All arguments from all spheres of society are at odds as interests broaden and become more complicated. To demonstrate our objectivity and veracity, we utilize statistics, which is a branch of mathematics dealing with the collection, analysis, interpretation, and organization of data. Applying statistics, the information of social groups is expressed in numbers, but we often make partial conclusions only with one-sided information controlled to one’s advantage. Benjamin Disraeli, a British statesman, once said that there are three kinds of lies: lies, damned lies, and statistics, which can be understood in the same context.
The author, a specialist who has utilized statistics in various industries for decades, aims for readers to reach the state of thinking statistically. The ability to process and analyze data, which is referred to as statistical literacy, is crucial in the current era where data and information are exploding like floods. The suggestions to grow statistical literacy are as follows.
First of all, the writer recommends that we become familiar with principles such as how to collect, organize, and interpret data and its relevant terms. Getting used to the principles and terminology is like meeting a new world, but if you are not comfortable, you will avoid and reject statistics. By understanding the basic knowledge of statistics, you will have an easier time reaching the ultimate goal of statistical thinking.

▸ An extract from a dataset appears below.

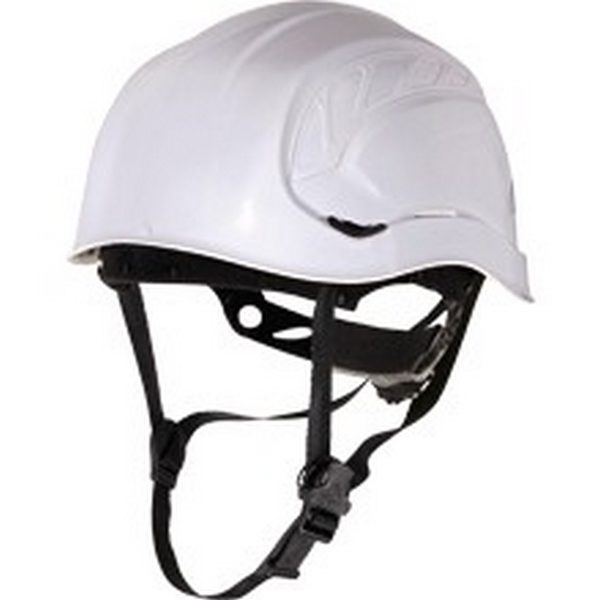 Casco Cabeza DELTAPLUS Granite Peak - Imagen 3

Second, approach the object from multiple angles. Statistical thinking is based on dividing the object because it has a different value to different people in real life. If the accumulated data has the same value regardless of the consumer, it will lose its own value. Then, what do we have to do to grasp all of the fragments? We need to understand the diverse relations among each factor. Causality that is tangled up within certain issues raises confusion and makes it difficult to judge the validity of each position. On the other hand, precise analysis of causality influences significantly on making accurate and convincing decisions. That is, the proper variables or optimal conditions can be found by tracking the causation.
However, if you ignore or underestimate causality and keep making predictions and judgements rashly, you will face a direct crisis. This can be found in the case of the elementary teacher appointment disaster, which is covered in the cover story. In this case, the origin of confusion lies in the previous governments’ predictions with distance from reality. As one of their jobs is creating policies for the youth, the former government increased the number of people who enter universities of education and who passed the elementary teacher recruitment examination, without regarding the falling birth rate. It is unnatural to misjudge the situation that the number of people in queue cannot but decline as long as the birth rate and population of students rise or educational shake-up happens. Then, why was this possible? It is possible because opposite outcomes can come out from the same data depending on our perspective, position, or approaching method.

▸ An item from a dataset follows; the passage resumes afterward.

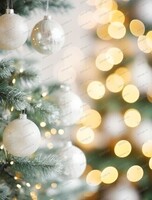 Новогодние корпоративы в баре Chester art pub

In consequence, uncertainties must follow in prediction even though we access data as carefully as possible. Particularly, South Korea has more unstable uncertainties due to the quick democratization and extremely competitive social atmosphere, which has created multiple variables and a gap between each social group: government, parties, corporations, civic organizations, family members, etc. Let me give an example of this from the cover story. While the total supply of elementary teachers is easily predictable due to the fixed quota of certain universities, demand is up to the state of politics. Actually, national finances determined for education varies widely with the pledges of the government.
Having been published 10 years ago, the exact case that fits in recent phenomenon could not be found. However, the reason I could point out an intrinsic message from the certification examination issue was because statistical thinking is applicable to a case especially to social issues. In addition, most of the contents of the book consisted of a variety of example cases so that it was beneficial to develop how to think and process statistically.

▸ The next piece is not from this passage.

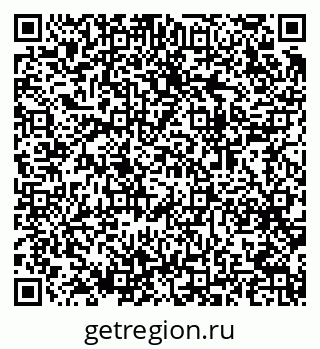 79064903000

Although we learned the subjects of probabilities and statistics in school, there are few of us who actually accept statistics in daily life or utilize its knowledge. The literacy of statistics required for the general population does not mesh with theoretical and mathematical logic since the complexity of realistic social phenomenon cannot be covered only with mathematical assumptions.
We often say that you can see as much as you know in the case of enjoying cultural properties or works of art, and it seems to be applicable when you observe social phenomena as well. Your viewpoint of the world can be expanded if you fully understand the basic mechanism of the statistics.